FIFTH COLUMN
Vajpayee's Congress RegimeWhy is the BJP Government fighting shy of a radical break
from the past?
Tavleen Singh
It is now 30 days since our first genuine non-Congress
Government took charge in Delhi. If you keep in mind the fact that new governments are
usually judged by their first 90 days, you will understand how important the first month
is. How saddening it is, therefore, that there have been so few indicators of real change.
Nobody expected miracles, melodrama or instant
transformation. But what some of us had looked forward to was, at the very least, some
change in the idols and iconography that the Congress insisted on for 50 years, in what
L.K. Advani recently described as the rashtra mandir. The temple of the nation -- despite
Hinduism not being a religion of received wisdom or prophets -- has been a place in which
nobody has dared move the idols nor question their wisdom. The main reason being that even
our non-Congress prime ministers have so far had their roots in the Congress.
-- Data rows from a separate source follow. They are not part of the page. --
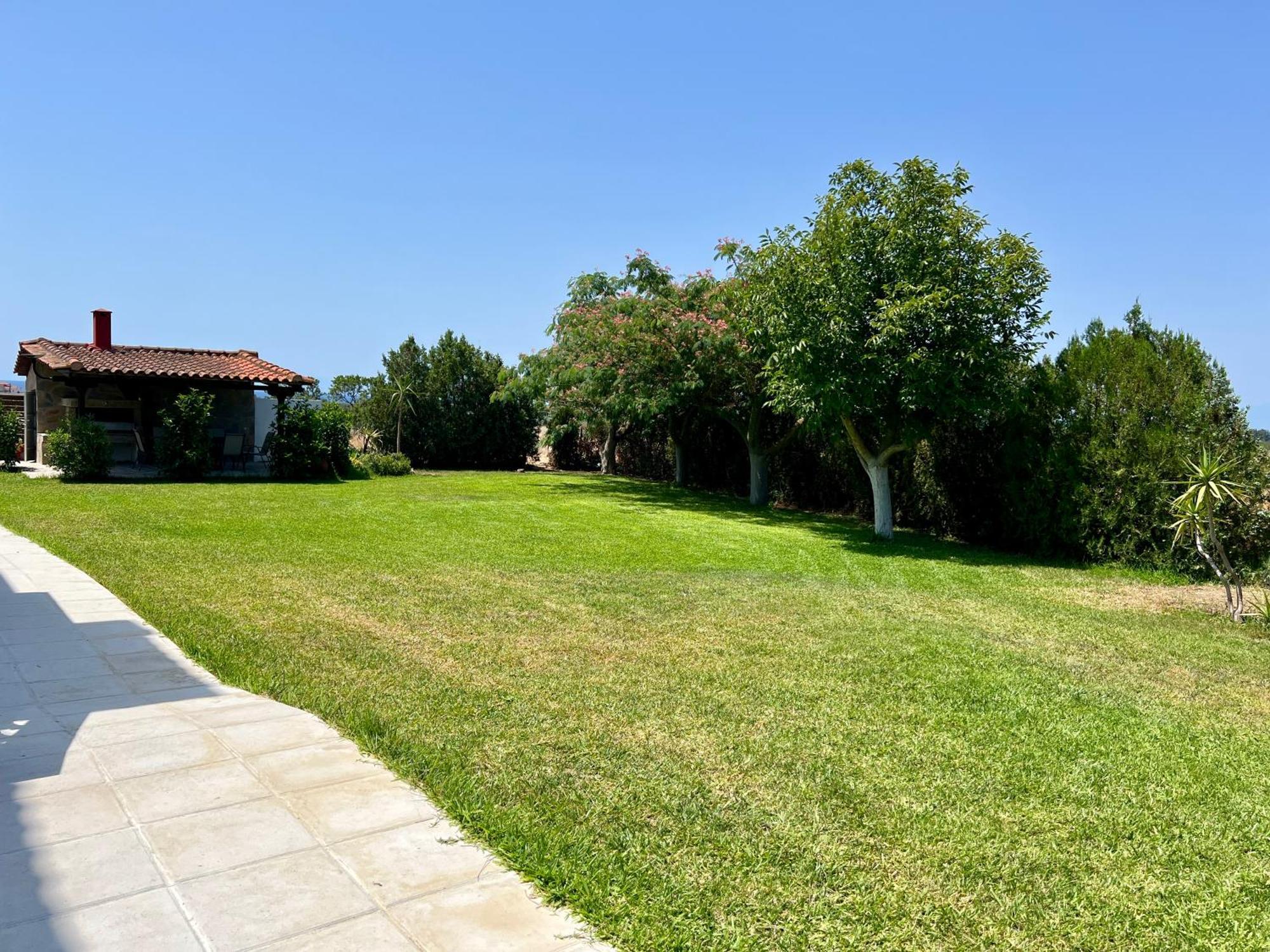 Villa Vave Nea Iraklia Exterior foto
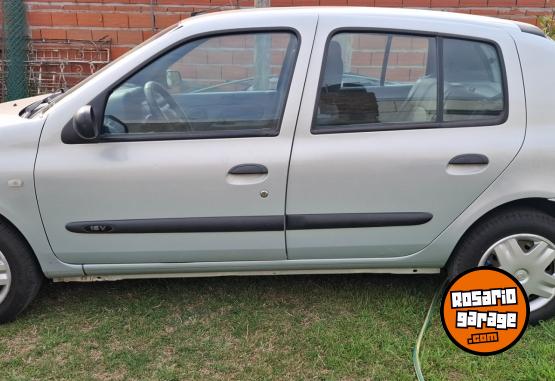 Autos - Renault Clio 5 ptas full 2007 Nafta 170000Km - En Venta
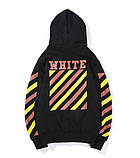 Худі Off White Eye, чорна, фото 5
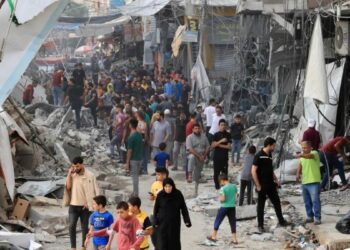 İsrail ‘Gazze’nin kontrolünü ele geçirme planını’ onayladı
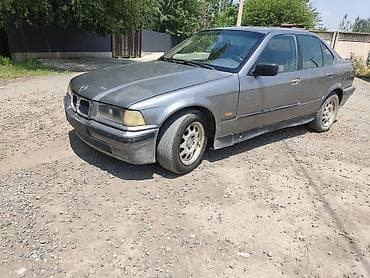 lexus es350: BMW 3 series: 1992 г., 1.8 л, Механика, Бензин — 1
For Atal Bihari Vajpayee, though, this kind of questioning
should not constitute blasphemy. Yet, he seems to be falling over himself trying to be as
much like a Congress prime minister as possible. A couple of weeks ago, I pointed out in
this column the clumsy manner in which a picture of Gandhiji had been stuck behind
Vajpayee's head when he made his first prime ministerial address to the nation. Congress
devotees in the rashtra mandir have not been able to take the sneer off their faces at the
absurdity of this gesture. Nor have they been able to contain their glee at the BJP's
constant talk of swadeshi. In the words of Najma Heptullah, Sonia Gandhi's chief
lady-in-waiting, "They should have just asked us for our manifesto and used it as the
National Agenda."
Why is the BJP so afraid to admit that it has never really
subscribed to the views of Jawaharlal Nehru or Mahatma Gandhi and that, in any case, it
does not amount to blasphemy to start asking a few questions?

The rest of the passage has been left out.